Current: Movement of electrical charge, driven by electrical potential.
opposite charges → current brings both charges together
alike charges → current separates them
Current magnitude:
amount of charge that moves
depends on the potential difference and the material through which charges move.
Resistance: Hindrance to charge movement; high resistance = low current.
Ohm’s Law: I = \frac{V}{R} (Voltage (V), current (I), and resistance (R)).
High electrical resistance (insulators) reduce current flow. Lipids act as insulators in cell membranes.
Low resistance (conductors) allow rapid current flow. Intracellular and extracellular fluids with ions are conductors.
Lipid layers of plasma membrane provide high electrical resistance.
6.6 The Resting Membrane Potential
Neurons at rest: Have a potential difference across plasma membrane (V_m).
known as the resting membrane potential
Inside of cell: Negatively charged relative to outside.
Extracellular fluid: Voltage reference point; membrane potential polarity is relative to it.
Example: -70 mV means inside is 70 mV more negative than outside.
V_m magnitude: Typically -40 to -90 mV in neurons.
Nature and Magnitude of Resting Membrane Potential
Resting membrane potential exists due to excesses of negative ions inside the cell and positive ions outside.
Excess charges accumulate in thin shell along plasma membrane surfaces.
Number of charges needed to establish potential is a tiny fraction of total charges.
Ion Distribution
Sodium (Na^+) and chloride (Cl^-) concentrations lower inside than outside; potassium (K^+) higher inside.
Sodium/potassium-ATPase pump (Na^+/K^+-ATPase ): Maintains gradients by pumping Na^+ out and K^+ in.
Chloride distribution varies among cell types.
Electrical driving force measured using milliequivalents/L (mEq/L).
Factors Affecting Magnitude of Resting Membrane Potential
Differences in ion concentrations in intracellular and extracellular fluids.
Differences in membrane permeabilities to ions via open channels.
Direct role of ion pumps plays a minor role.
Contribution of Ion Concentration Differences
Membrane permeable only to K^+ (with K^+ channels open).
Initially, compartments have equal ion concentrations, no potential difference.
K^+ diffuses down gradient (high to low), creating potential difference.
Compartment 1 becomes positively charged, compartment 2 negatively charged.
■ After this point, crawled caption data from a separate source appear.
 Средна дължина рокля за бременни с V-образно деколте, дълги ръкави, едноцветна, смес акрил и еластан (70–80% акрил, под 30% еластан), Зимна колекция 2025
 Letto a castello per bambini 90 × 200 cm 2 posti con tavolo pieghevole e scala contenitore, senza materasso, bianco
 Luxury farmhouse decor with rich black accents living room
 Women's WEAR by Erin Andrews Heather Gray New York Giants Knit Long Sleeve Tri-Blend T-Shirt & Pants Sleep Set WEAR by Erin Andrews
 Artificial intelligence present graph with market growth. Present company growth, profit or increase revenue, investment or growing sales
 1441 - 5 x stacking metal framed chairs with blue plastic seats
Membrane potential influences K^+ movement; negative charge attracts K^+.
Electrochemical gradient exists for all ions.
Equilibrium potential for K^+ when fluxes balance; no net movement.
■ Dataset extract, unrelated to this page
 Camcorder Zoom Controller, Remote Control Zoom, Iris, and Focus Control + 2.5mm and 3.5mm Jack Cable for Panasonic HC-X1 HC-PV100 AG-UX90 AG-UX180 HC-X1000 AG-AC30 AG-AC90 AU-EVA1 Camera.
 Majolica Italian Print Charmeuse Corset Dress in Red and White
Membrane potential generated with concentration gradient and open K^+ channels.
Equilibrium established by insignificant ion number.
Equilibrium potential magnitude depends on ion concentration gradient.
Nernst Equation
Calculates equilibrium potential using ion concentration gradient.
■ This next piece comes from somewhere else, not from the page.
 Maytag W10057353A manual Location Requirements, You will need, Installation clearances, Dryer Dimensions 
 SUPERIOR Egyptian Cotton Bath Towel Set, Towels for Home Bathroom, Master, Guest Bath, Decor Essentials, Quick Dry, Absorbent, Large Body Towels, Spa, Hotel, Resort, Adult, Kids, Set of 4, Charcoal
E{ion} = 61 \times log\left(\frac{C{out}}{C_{in}}\right)
E_{ion} = equilibrium potential for a particular ion (mV)
C_{in} = intracellular concentration of the ion
C_{out} = extracellular concentration of the ion
z = valence of the ion
61 = a constant value incorporating the universal gas constant, temperature (37°C), and Faraday electrical constant
Typical concentrations: Na^+ flux brings membrane potential to +60 mV, K^+ flux to -90 mV.
Contribution of Different Ion Permeabilities
Membrane potential depends on permeabilities and concentration gradients of all ions when multiple channels are open.
Greater the membrane permeability to an ion, the greater its contribution to the membrane potential.
Goldman-Hodgkin-Katz (GHK) equation calculates resting membrane potential (Vm): Vm = 61 \times log\left(\frac{PK[K^+]{out} + P{Na}[Na^+]{out} + P{Cl}[Cl^-]{in}}{PK[K^+]{in} + P{Na}[Na^+]{in} + P{Cl}[Cl^-]{out}}\right)
GHK equation accounts for individual ion permeabilities.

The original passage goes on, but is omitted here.